Coverage Limitations
- Oral examinations, including those by a specialist, are limited
to twice per calendar year.
- Prophylaxes (teeth cleaning), including periodontal prophylaxes,
are limited to twice per calendar year. Two additional cleanings
allowed per calendar year for patients that are pregnant, diabetic,
have a suppressed immune system or have a history of periodontal
therapy. To be eligible for the additional cleaning benefits,
you must submit a completed Self-Report
form.

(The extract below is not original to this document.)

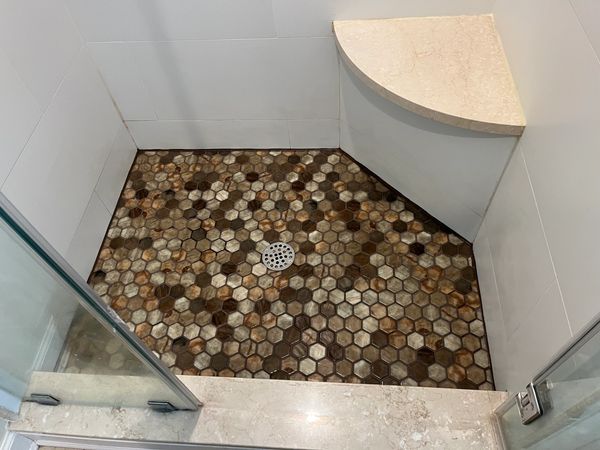 Shower install in Baltimore county, MD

If periodontal therapy has already been reported on
your claims, the Self-Report form is not necessary.
- Topical application of fluoride is limited to once per calendar
year for children up to age 14.
- Space maintainers are limited to once in five years for children
up to age 14.
- Bitewing radiographs (x-rays) are limited to one set per calendar
year and full-mouth radiographs (x-rays) are limited to once in
a five year period.
- Dental benefits for an initial or replacement crown, jacket,
labial veneer, inlay or onlay on or for a particular tooth will
only be provided once in seven years, unless the damage to that
tooth was caused by an accidental injury not related to the normal
function of a tooth or teeth.
- If an existing bridge or denture cannot be made satisfactory,
a replacement will be covered only once in seven years.
Exclusions
(Dental Services Not Covered)
- Services for which the participant, absent this coverage, would
normally incur no charge, such as care rendered by a dentist to
a member of his immediate family or the immediate family of his
spouse.
- Services for which coverage is available under Workers’
Compensation or Employers’ Liability Laws.
- Services performed for cosmetic purposes or to correct congenital
malformations except for newborns with congenital dental defects.
- Charges for services that require multiple visits, which commenced
prior to the membership effective date (including, but not limited
to, prosthetics and orthodontic care.)
- Services or supplies related to temporomandibular joint (TMJ)
dysfunction (this involves the jaw hinge joint connecting the
upper and lower jaws.)
- Any services not specifically stated as Covered Services (including
hospital, prescription drug charges and orthodontics.)
- Replacement of dentures and other dental appliances which are
lost or stolen.
- Services rendered by a dentist beyond the scope of his license.
- Hypnosis.
- Duplicate services provided by another group dental plan.
- Diseases contracted or injuries or conditions sustained as
a result of any act of war.
- Denture adjustments for the first six months after the dentures
are initially received. Separate fees may not be charged by participating
dentists.
- Charges for complete occlusal adjustments, crowns for occlusal
correction, nightguards, bruxism appliances and bite therapy appliances.
- Tooth preparation, temporary crowns, bases, impressions and
anesthesia or other services which are part of the complete dental
procedure. These services are considered components of, and included
in the fee for, the complete procedure. Separate fees may not
be charged by participating dentists.
- Analgesia, including nitrous oxide.
- Charges covered under a terminal liability, extension of benefits,
or similar provision, of a program being replaced by this program.
- Services rendered by a dental or medical department maintained
by or on behalf of an employer, a mutual benefit association,
labor union, trustee or similar person or group.
- Services provided or paid for by any governmental agency or
under any governmental program or law, except charges which the
person is legally obligated to pay (this exclusion extends to
any benefits provided under the U.S. Social Security Act and its
Amendments.)
- Charges for duplication of radiographs.
- Charges for temporary appliances.
- Implants and related procedures are not covered. However, an
alternate benefit allowance will be provided for an implant based
on the cost of a removable partial denture or fixed bridge.
- Charges for experimental or investigational services or supplies.
- Services that the dentist feels, in his or her professional
judgment, should not be provided.
- Instructions in dental hygiene, dietary planning or plaque
control.
- Missed appointments or completion of claim forms.
- Infection control, including sterilization of supplies and
equipment.
- Removal of third molars without symptoms.